Aneesa smiles as she talks to Mr. Kulkarni in his classroom, one of the school's teachers who is also South Asian. Devi stands behind them, frowning with a look of betrayal on her face as she looks at Mr. Kulkarni.

The issues in Kamala’s research lab are also more about gender than race. Kamala makes one passing reference to having been forced by her boss to play a woman kidnapped by a maharaja in multiple LARPs, but her colleagues don’t say they can’t understand her accent and her boss doesn’t allege that her “poor” writing skills are the reason why she was left off the journal publication. The fact that what Kamala’s going through is not about race is further reinforced by the fact that Prashant clearly can’t relate to her experience at all.

The show’s non-South Asian and non-white characters don’t even get the microaggressions; for them, racism is a historical artifact. I was touched by Paxton’s storyline of connecting with his grandfather and learning about his Japanese family’s history of internment in the U.S. for a school project. But, Paxton also doesn’t have to navigate racism in the day-to-day. There are a couple of passing references to the erasure of his biracial identity, but the larger story about people failing to see his interiority is that his family and friends assume he’s not studious. Once again, the show is side-stepping race.

The only time the topic of anti-Blackness is skirted is when Fabiola’s mother shares that she and Fabiola’s father were the first queen and king of color of their high school dance. While I appreciated that this became the impetus for Fabiola and Eve nominating themselves to be the high school’s royal couple at this year’s dance, I was also disturbed by the implication that racism against Black and Latinx people is squarely a thing of the past. And, this is yet another instance where the interplay between racial and queer identities within queer community and culture is completely white washed.

I don’t believe that every story about people of color has to be about our traumas. If Never Have I Ever wanted to center positive stories about people of color, I could understand that. In some ways, it pulls this off most successfully with Nalini’s storyline, which was one of my favorites in season two. The show glosses over many things, like the anti-Blackness that is persistent in far too many Indian communities and Nirmala’s easy acceptance of Nalini dating (and dating a non-Indian man at that), but we also get the rare joy of seeing two non-white characters of different backgrounds connect with each other over their shared experiences and not be bogged down by racism. (Arguably, though, Dr. Jackson’s Black identity is also nonexistent.)

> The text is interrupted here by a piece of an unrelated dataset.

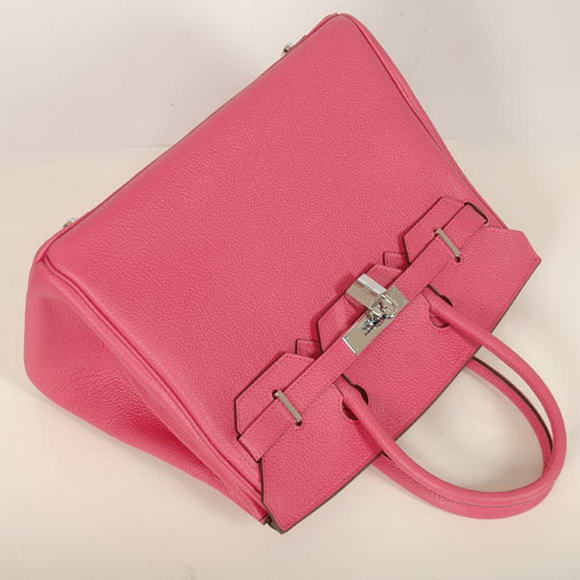 Hermes Birkin 30CM Tote Bags Smooth Togo Leather Peach Hermes Birkin 30CM Tote Bags Smooth Togo Leather Peach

But in so many of the other plot lines, Never Have I Ever walks right up to the line of racism and then makes the story about something else. It makes for an unsettling viewing experience as a person of color. All of these characters of color are trying to find their place and come into their identities in ways that really deeply resonate with me. And then that connection slips away because, in the real world, these struggles would be very clearly related to the characters’ racial identities, but the show insists that what’s happening is really not about race — a claim countless white people have made in my life. I do recognize the feat of representation that NHIE is pulling off, but it’s hard to watch a show that’s so much about race — that clearly wants to engage with racism — repeatedly undermine the reality of structural racism, instead.